Historically, insulin resistance during pregnancy has been ascribed to increased production of placental hormones and cortisol. The purpose of this study was to test this hypothesis by correlating the longitudinal changes in insulin sensitivity during pregnancy with changes in placental hormones, cortisol, leptin, and tumor necrosis factor (TNF)-α. Insulin resistance was assessed in 15 women (5 with gestational diabetes mellitus [GDM] and 10 with normal glucose tolerance) using the euglycemic-hyperinsulinemic clamp procedure, before pregnancy (pregravid) and during early (12–14 weeks) and late (34–36 weeks) gestation. Body composition, plasma TNF-α, leptin, cortisol, and reproductive hormones (human chorionic gonadotropin, estradiol, progesterone, human placental lactogen, and prolactin) were measured in conjunction with the clamps. Placental TNF-α was measured in vitro using dually perfused human placental cotyledon from five additional subjects. Compared with pregravid, insulin resistance was evident during late pregnancy in all women (12.4 ± 1.2 vs. 8.1 ± 0.8 10−2 mg · kg−1 fat-free mass · min−1 · μU−1 · ml−1). TNF-α, leptin, cortisol, all reproductive hormones, and fat mass were increased in late pregnancy (P < 0.001). In vitro, most of the placental TNF-α (94%) was released into the maternal circulation; 6% was released to the fetal side. During late pregnancy, TNF-α was inversely correlated with insulin sensitivity (r = −0.69, P < 0.006). Furthermore, among all of the hormonal changes measured in this study, the change in TNF-α from pregravid to late pregnancy was the only significant predictor of the change in insulin sensitivity (r = −0.60, P < 0.02).
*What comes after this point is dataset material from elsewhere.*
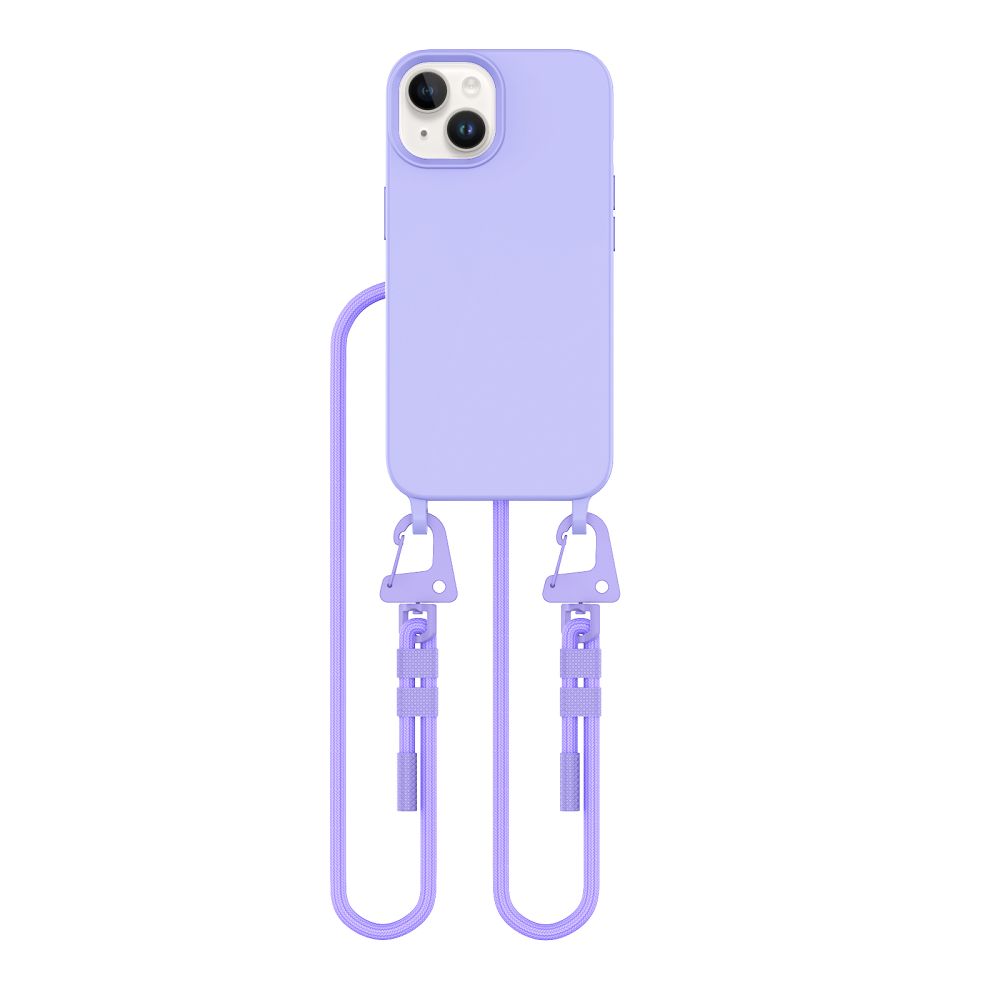 KRYT TECH-PROTECT MAGNECKLACE MAGSAFE IPHONE 14 LAVENDER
The placental reproductive hormones and cortisol did not correlate with insulin sensitivity in late pregnancy. Multivariate stepwise regression analysis revealed that TNF-α was the most significant independent predictor of insulin sensitivity (r = −0.67, P < 0.0001), even after adjustment for fat mass by covariance (r = 0.46, P < 0.01). These observations challenge the view that the classical reproductive hormones are the primary mediators of change in insulin sensitivity during gestation and provide the basis for including TNF-α in a new paradigm to explain insulin resistance in pregnancy.
Pregnancy is a period marked by profound changes in a woman’s hormonal status and metabolism. The ability to regulate nutrient balance during this period is critical to the health of the mother and the growing fetus. Insulin is one of the key regulators of metabolism, and significant changes in insulin sensitivity and its ability to control glucose, fat, and protein during pregnancy have been well documented (1–4). Previous reports have also shown that maternal insulin resistance plays an important role in the regulation of maternal energy metabolism, fat accretion, and fetal growth (5,6). In gestational diabetes mellitus (GDM), greater insulin resistance may lead to abnormal blood glucose and fetal macrosomia, may increase the likelihood of obstetric complications, and in some cases, may increase the risk of stillbirth. The cellular mediators of insulin resistance in late pregnancy have long been ascribed to alterations in cortisol and placental-derived hormones including human placental lactogen (HPL), progesterone, and estrogen (7–9). To our knowledge, however, the changes in insulin sensitivity during gestation have not yet been correlated with hormonal changes using a prospective longitudinal design.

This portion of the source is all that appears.